Il y a des sensations d’un autre genre ; c’est le plaisir & la peine : ils consistent dans le mouvement continu qui se transmet de l’extrémité d’un organe vers le cœur.

Le desir & l’aversion sont les causes du premier

effort animal ; les esprits se portent dans les nerfs ou s’en retirent ; les muscles se gonflent ou se relâchent ; les membres s’étendent ou se replient, & l’animal se meut ou s’arrête.

Si le desir est suivi d’un enchaînement de fantomes, l’animal pense, délibere, veut.

Si la cause du desir est pleine & entiere, l’animal veut nécessairement : vouloir, ce n’est pas être libre ; c’est tout au plus être libre de faire ce que l’on veut, mais non de vouloir. Causa appetitus existente integrâ, necessariò sequitur voluntas ; adeoque voluntati libertas à necessitate non convenit ; concedi tamen potest libertas faciendi ea quæ volumus.

De l’homme. Le discours est un tissu artificiel de voix instituées par les hommes pour se communiquer la suite de leurs concepts.

Les signes que la nécessité de la nature nous suggere ou nous arrache, ne forment point une langue.
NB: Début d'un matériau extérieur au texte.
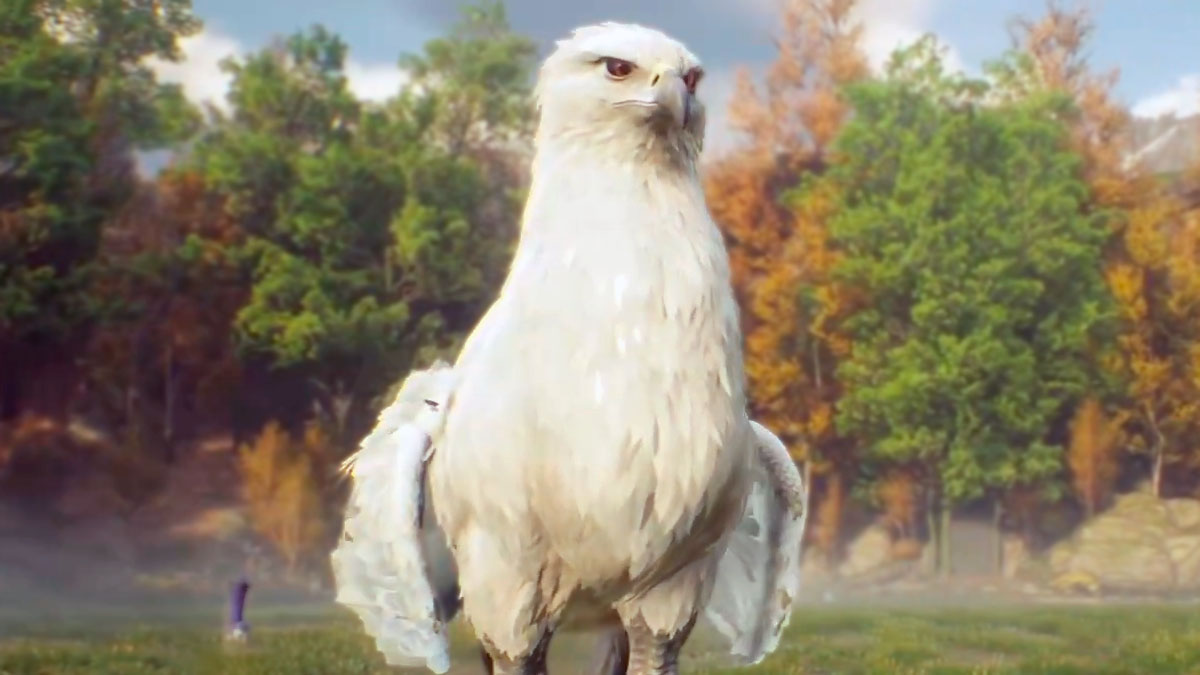 The best Xbox Series X and S settings for Hogwarts Legacy Gamepur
La science & la démonstration naissent de la connoissance des causes.

La démonstration n’a lieu qu’aux occasions où les causes sont en notre pouvoir. Dans le reste, tout ce que nous démontrons, c’est que la chose est possible.

Les causes du desir & de l’aversion, du plaisir & de la peine, sont les objets mêmes des sens. Donc s’il est libre d’agir, il ne l’est pas de haïr ou de désirer.

On a donné aux choses le nom de bonnes, lorsqu’on les désire ; de mauvaises, lorsqu’on les craint.

Le bien est apparent ou réel. La conservation d’un être est pour lui un bien réel, le premier des biens. Sa destruction un mal réel, le premier des maux.

Les affections ou troubles de l’ame sont des mouvemens alternatifs de desir & d’aversion qui naissent des circonstances & qui balotent notre ame incertaine.

Le sang se porte avec vîtesse aux organes de l’action, en revient avec promptitude ; l’animal est prêt à se mouvoir ; l’instant suivant il est retenu ; & cependant il se réveille en lui une suite de fantomes alternativement effrayans & terribles.

Il ne faut pas rechercher l’origine des passions ailleurs que dans l’organisation, le sang, les fibres, les esprits, les humeurs, &c.

Le caractere naît du tempérament, de l’expérience, de l’habitude, de la prospérité, de l’adversité, des réflexions, des discours, de l’exemple, des circonstances. Changez ces choses, & le caractere changera.

Les mœurs sont formées lorsque l’habitude a passé dans le caractere, & que nous nous soumettons sans peine & sans effort, aux actions qu’on exige de nous. Si les mœurs sont bonnes, on les appelle vertus ; vice, si elles sont mauvaises.

Mais tout n’est pas également bon ou mauvais pour tous. Les mœurs qui sont vertueuses au jugement des uns, sont vicieuses au jugement des autres.

Les loix de la société sont donc la seule mesure commune du bien & du mal, des vices & des vertus. On n’est vraîment bon ou vraîment méchant que dans sa ville. Nisi in vita civili virtutum & vitiorum communis mensura non invenitur. Quæ mensura ob eam causam alia esse non potest præter unius cujusque civitatis leges.

Le culte extérieur qu’on rend sincérement à Dieu, est ce que les hommes ont appellé religion.

La foi qui a pour objet les choses qui sont au-dessus de notre raison, n’est sans un miracle qu’une opinion fondée sur l’autorité de ceux qui nous parlent. En fait de religion, un homme ne peut exiger de la croyance d’un autre que d’après miracle. Homini privato sine miraculo fides haberi in religionis actu non potest.